You see Cursor being sold to Elon Musk for $60 billion.
Perhaps the idols of the previous generation were Mark Zuckerberg or Evan Spiegal.
You look at these founders, can't help but compare yourself to them.
They don't seem much smarter than you.
Their resumes aren't more impressive than yours either.
So you naturally ask yourself: why can't I do the same?
Most founders' journeys start here.
But this is also where most founders get stuck.
They see artificial intelligence.
They see cryptocurrency.
They see thousands of startups already funded.
Every track seems crowded.
Every obvious idea has already been put into practice.
They conclude: the opportunities are exhausted.
Then they close their laptops, give up, and walk away.
A large part of startups die like this.
Not because the founders lack ability, but because they think the game is already over.
Let's take Cursor as an example.
Not every path is a straight road.
As early as 2022, Cursor began a grueling "biting glass" kind of struggle.
That was before ChatGPT was born.
There was no ready-made script to copy.
No obvious market.
All they had was a belief: artificial intelligence will fundamentally change knowledge work.
To stay grounded, they focused on three things.
First, they chose a field they truly felt excited about: artificial intelligence.
Second, they built their product for their own customers.

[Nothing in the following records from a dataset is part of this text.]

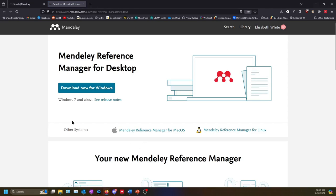The web version and the desktop versions look nearly identical, but the desktop version has some extra features that are not available in the web version. For example, you must use the desktop version in order to export your library or to use Mendeley Cite to generate citations for you in Microsoft Word.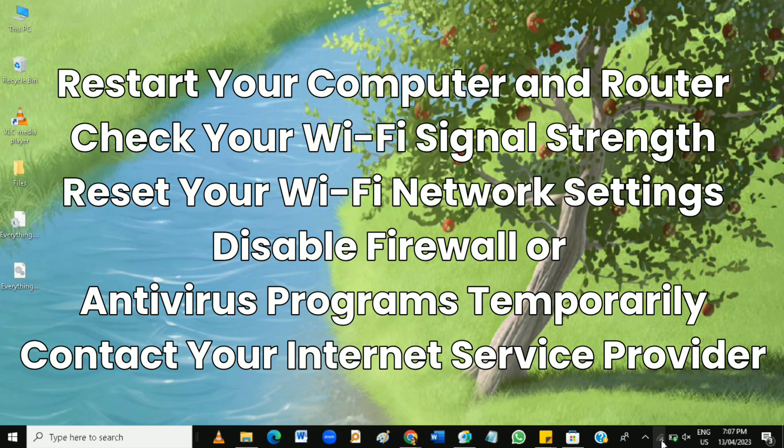You can also try moving your computer closer to the router or moving your router to a more central location.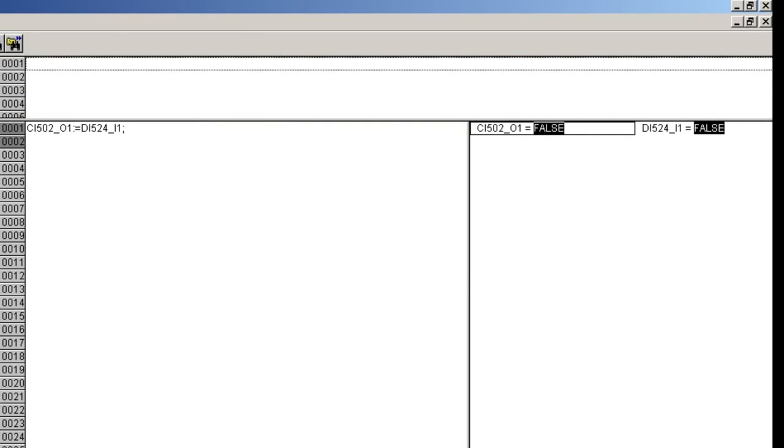As you could see from the screen, the program is working as expected while the controller is in run mode.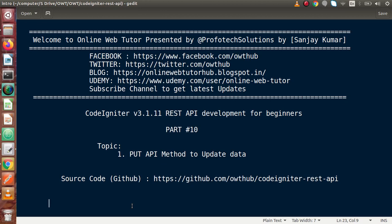Hello guys. Welcome to Online Web Tutor presented by ProFooter sessions team. I am Sanjay. We are learning CodeIgniter version 3, REST API development. This is our part 10.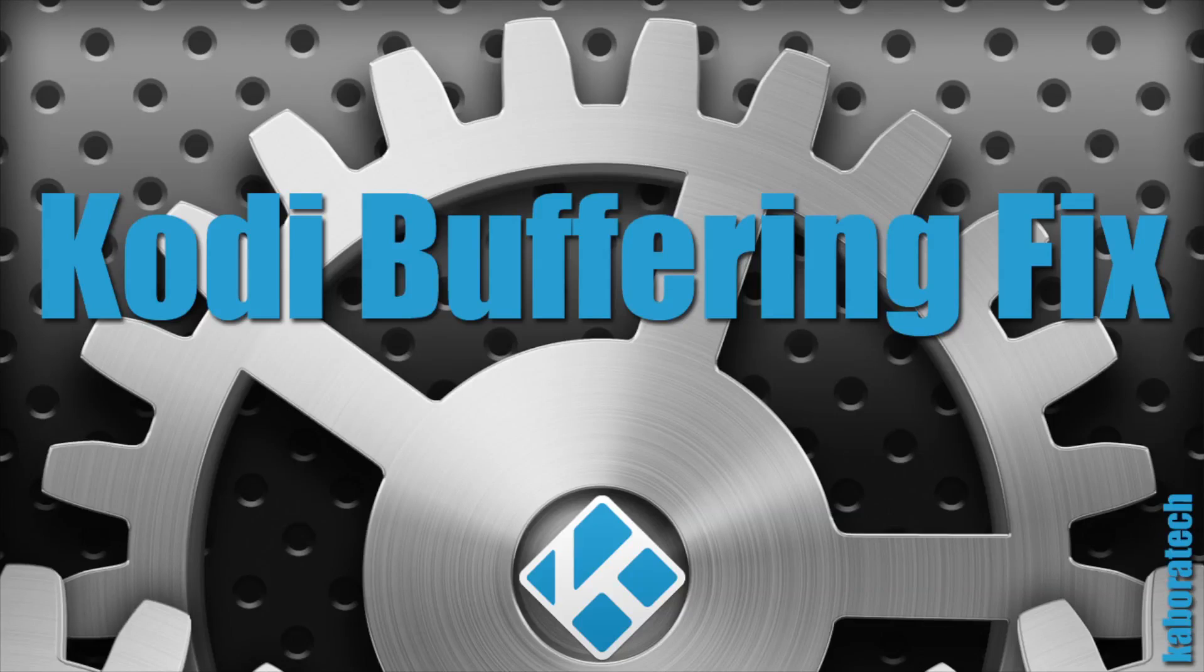In this tutorial I will show you how to fix your Kodi buffering problems by using a plugin called Easy Advanced Settings.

Third, they unwaveringly focused on heavy users.
Because if you can win heavy users, winning others becomes much easier.
Honestly, this story isn't unique to Cursor.
When Stripe started, online payment issues seemed solved, but the founders believed developers would increasingly become decision-makers within companies.
Who wins the developers, wins the internet in the end.
They experienced this pain firsthand, and although PayPal had already proven online payments feasible, Stripe saw an opportunity to build a "developer-first" future.
Figma spent years developing before the market was ready, because they believed the future of design wasn't about better single tools, but about collaborative design where everyone works in the same file.
Google Docs had already demonstrated the power of real-time document collaboration.
Figma extended this insight into the design field.
Shopify initially just sold snowboards online, because the founder believed millions of small businesses yearned for their own customers, brands, and destiny, rather than relying on big platforms.
Amazon had already proven centralized e-commerce works.
Shopify bet that entrepreneurs would ultimately want to take control themselves.
Different products. Same pattern.
Every founder starts with a non-consensus belief about the future of the world, then quietly builds for years before that future becomes obvious to everyone.
Their luck lies in riding the strong winds of the era.
For Stripe, this wind was the confidence that more and more commerce would shift online.
For Figma, it was the firm belief that software would prioritize the cloud and support collaboration by default.
For Shopify, it was the hope that the internet would empower millions of entrepreneurs to build independent businesses.
Cursor follows a similar trajectory.
The company's foundation is based on the belief: AI will fundamentally reshape knowledge work, and software engineers will be among the first heavy users to adopt it.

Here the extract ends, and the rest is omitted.